A typical EUV projection printing system includes multiple mirrors. At the mask plane, the chief ray is off-axis by roughly 6 degrees but is perpendicular to the image plane (wafer plane). Thus, the system is telecentric at the wafer plane, but non-telecentric at the mask plane. The illuminated field on the mask plane is arc-shaped spanning about ±22 degrees from the plane of incidence, as illustrated in FIG. 3a. The plane of incidence is defined by the surface normal of the mask plane and the illumination light ray. The size of the illuminated field is about 1×22 mm2. The combination of non-telecentricity at the mask plane and mask topography cause a unique problem for the EUV lithography—the mask shadowing effect. The mask shadowing effect is schematically shown in FIG. 3b. Shadows are formed around patterns represented by the absorber shapes and make them wider in the near field image of the mask. This mask pattern widening is passed on to the wafer image through the imaging optics. The mask shadowing effect is asymmetric with respect to horizontal and vertical features. As a result, critical area (CD) bias and position shift will occur if not corrected.

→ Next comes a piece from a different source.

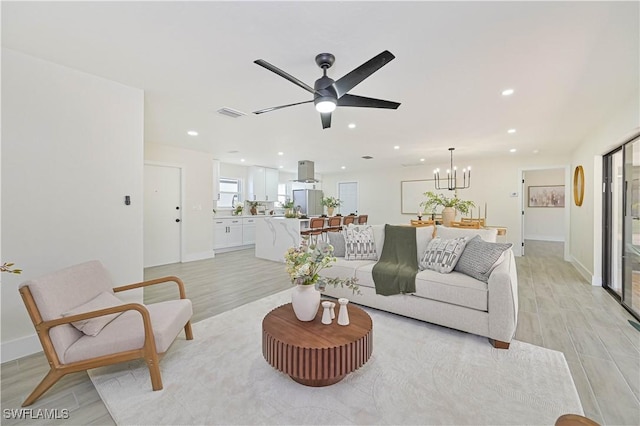 living area with recessed lighting, ceiling fan with notable chandelier, visible vents, baseboards, and light wood-style floors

As with other systematic patterning errors, the shadowing effect should be compensated for in the EUV lithographic process. Conventional compensation methods may be rule based or model based. In a simple rule-based method, for example, a single bias correction to all features is applied. This method does not take account of variations of the shadowing effect across the illuminated field, i.e., the azimuthal angle dependence of the shadowing effect. Moreover, most rule-based compensation methods are empirically developed with simple Manhattan patterns and thus do not work well with complicated geometric patterns. Rigorous modeling of the mask shadowing effect can provide better correction results. They are, however, computationally expensive and thus impractical in many applications. Therefore, it is desirable to develop an efficient method for modeling and correcting the mask shadowing effect.